This question has been on my mind a lot this week. Largely because it occurred to me that I have yet to encounter a non-trivial answer to it. Sure, it’s easy to say academic blogging is blogging by academics. But what does this really tell us? Martin Weller has an interesting discussion along these lines in his book the Digital Scholar:
‘Scholarship’ is itself a rather old-fashioned term. Whenever I ask someone to think of scholarship they usually imagine a lone individual, surrounded by books (preferably dusty ones), frantically scribbling notes in a library. This is somewhat removed from the highly connected scholar, creating multimedia outputs and sharing these with a global network of peers. Scholarship is, though, a sufficiently broad term to encompass many different functions and so has the flexibility to accommodate new forms of practice. It is not only focused on teaching, or research, but also on a wide range of activities. In fact, a rather tautological definition of scholarship is that it is what scholars do. And a ‘scholar’ can be defined as a learned person or a specialist in a given branch of knowledge.
Traditionally we have tended to think of scholars as being academics, usually employed by universities. This is the main focus of this book; it is the changes to university and higher education practice that will form the main discussion and research. However, digital scholarship broadens this focus somewhat, since in a digital, networked, open world people become less defined by the institution to which they belong and more by the network and online identity they establish. Thus a well-respected digital scholar may well be someone who has no institutional affiliation. The democratisation of the online space opens up scholarship to a wider group, just as it opens up subjects that people can study beyond the curriculum defined by universities.
A simple definition of digital scholarship should probably be resisted, and below it is suggested that it is best interpreted as a shorthand term. As Wittgenstein argued with the definition of ‘game’ such tight definitions can end up excluding elements that should definitely be included or including ones that seem incongruous. A digital scholar need not be a recognised academic, and equally does not include anyone who posts something online. For now, a definition of someone who employs digital, networked and open approaches to demonstrate specialism in a field is probably sufficient to progress.

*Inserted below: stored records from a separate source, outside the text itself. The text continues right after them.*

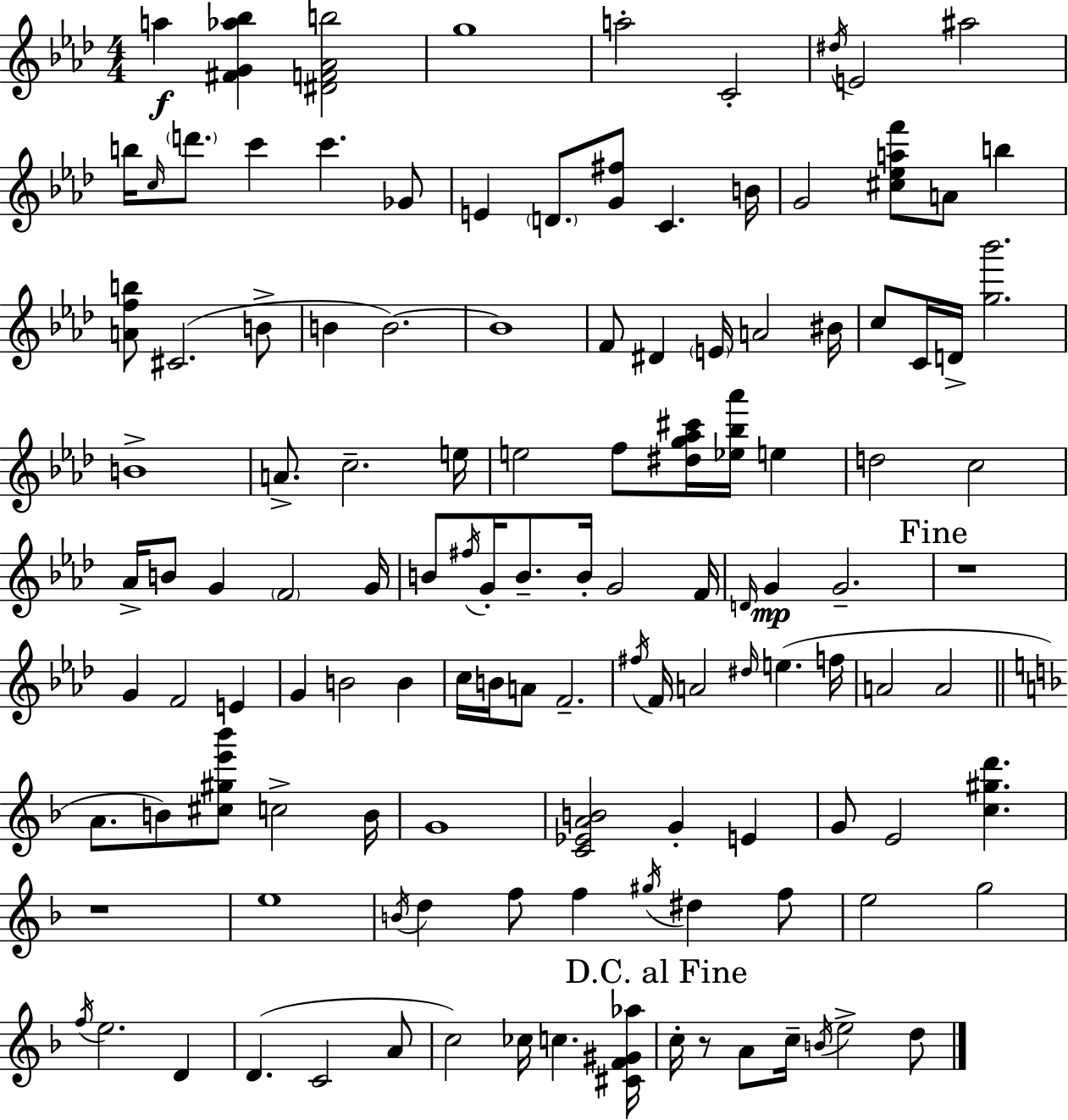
A5/q [F#4,G4,Ab5,Bb5]/q [D#4,F4,Ab4,B5]/h G5/w A5/h C4/h D#5/s E4/h A#5/h B5/s C5/s D6/e. C6/q C6/q. Gb4/e E4/q D4/e. [G4,F#5]/e C4/q. B4/s G4/h [C#5,Eb5,A5,F6]/e A4/e B5/q [A4,F5,B5]/e C#4/h. B4/e B4/q B4/h. B4/w F4/e D#4/q E4/s A4/h BIS4/s C5/e C4/s D4/s [G5,Bb6]/h. B4/w A4/e. C5/h. E5/s E5/h F5/e [D#5,G5,Ab5,C#6]/s [Eb5,Bb5,Ab6]/s E5/q D5/h C5/h Ab4/s B4/e G4/q F4/h G4/s B4/e F#5/s G4/s B4/e. B4/s G4/h F4/s D4/s G4/q G4/h. R/w G4/q F4/h E4/q G4/q B4/h B4/q C5/s B4/s A4/e F4/h. F#5/s F4/s A4/h D#5/s E5/q. F5/s A4/h A4/h A4/e. B4/e [C#5,G#5,E6,Bb6]/e C5/h B4/s G4/w [C4,Eb4,A4,B4]/h G4/q E4/q G4/e E4/h [C5,G#5,D6]/q. R/w E5/w B4/s D5/q F5/e F5/q G#5/s D#5/q F5/e E5/h G5/h F5/s E5/h. D4/q D4/q. C4/h A4/e C5/h CES5/s C5/q. [C#4,F4,G#4,Ab5]/s C5/s R/e A4/e C5/s B4/s E5/h D5/e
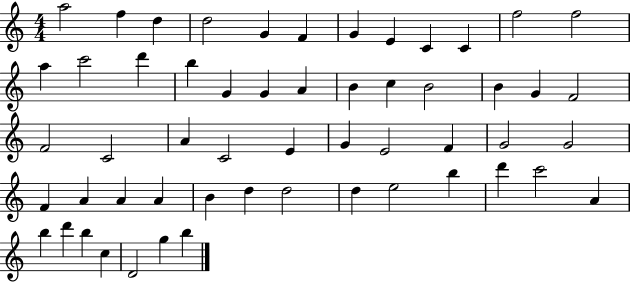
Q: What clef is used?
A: treble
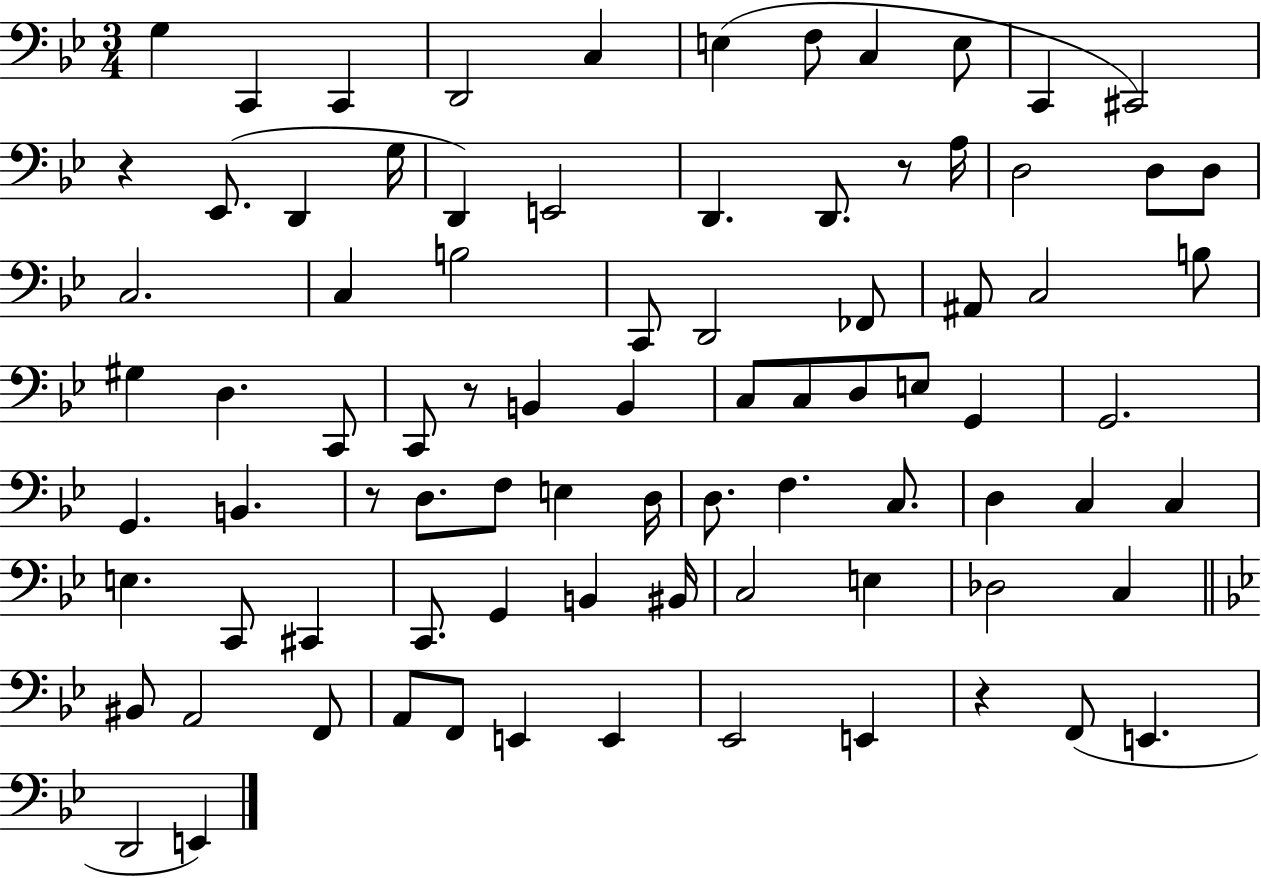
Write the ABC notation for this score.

X:1
T:Untitled
M:3/4
L:1/4
K:Bb
G, C,, C,, D,,2 C, E, F,/2 C, E,/2 C,, ^C,,2 z _E,,/2 D,, G,/4 D,, E,,2 D,, D,,/2 z/2 A,/4 D,2 D,/2 D,/2 C,2 C, B,2 C,,/2 D,,2 _F,,/2 ^A,,/2 C,2 B,/2 ^G, D, C,,/2 C,,/2 z/2 B,, B,, C,/2 C,/2 D,/2 E,/2 G,, G,,2 G,, B,, z/2 D,/2 F,/2 E, D,/4 D,/2 F, C,/2 D, C, C, E, C,,/2 ^C,, C,,/2 G,, B,, ^B,,/4 C,2 E, _D,2 C, ^B,,/2 A,,2 F,,/2 A,,/2 F,,/2 E,, E,, _E,,2 E,, z F,,/2 E,, D,,2 E,,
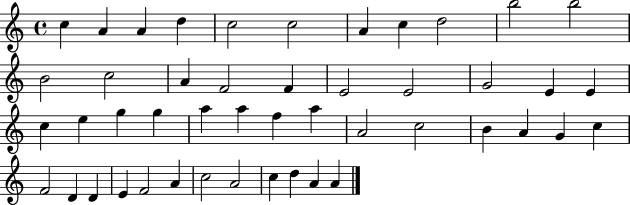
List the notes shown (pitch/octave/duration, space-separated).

C5/q A4/q A4/q D5/q C5/h C5/h A4/q C5/q D5/h B5/h B5/h B4/h C5/h A4/q F4/h F4/q E4/h E4/h G4/h E4/q E4/q C5/q E5/q G5/q G5/q A5/q A5/q F5/q A5/q A4/h C5/h B4/q A4/q G4/q C5/q F4/h D4/q D4/q E4/q F4/h A4/q C5/h A4/h C5/q D5/q A4/q A4/q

Similar ambiguities obtain with the term ‘academic blogging’. I guess my fear is that that, unless this is more widely recognised, certain possibilities about what it could be taken to entail might be foreclosed i.e. ‘academic blogging’ comes to be defined as only one of the many specific activities that are currently subsumed under this rather vague term. I think there’s a real need for empirical research into how academics are using blogging platforms – looking at their intentions behind the activity, the practical results of it and developing taxonomies to better capture how these tools are actually being used (as well as the relative frequency of these uses and their distribution across disciplines) rather than taking the categories already in circulation as being heuristically useful for understanding this emerging field of activity. My fear is that the term ‘blogging’, as well as having all sorts of negative cultural connotations, actually obscures more than it reveals when used as an interpretive category.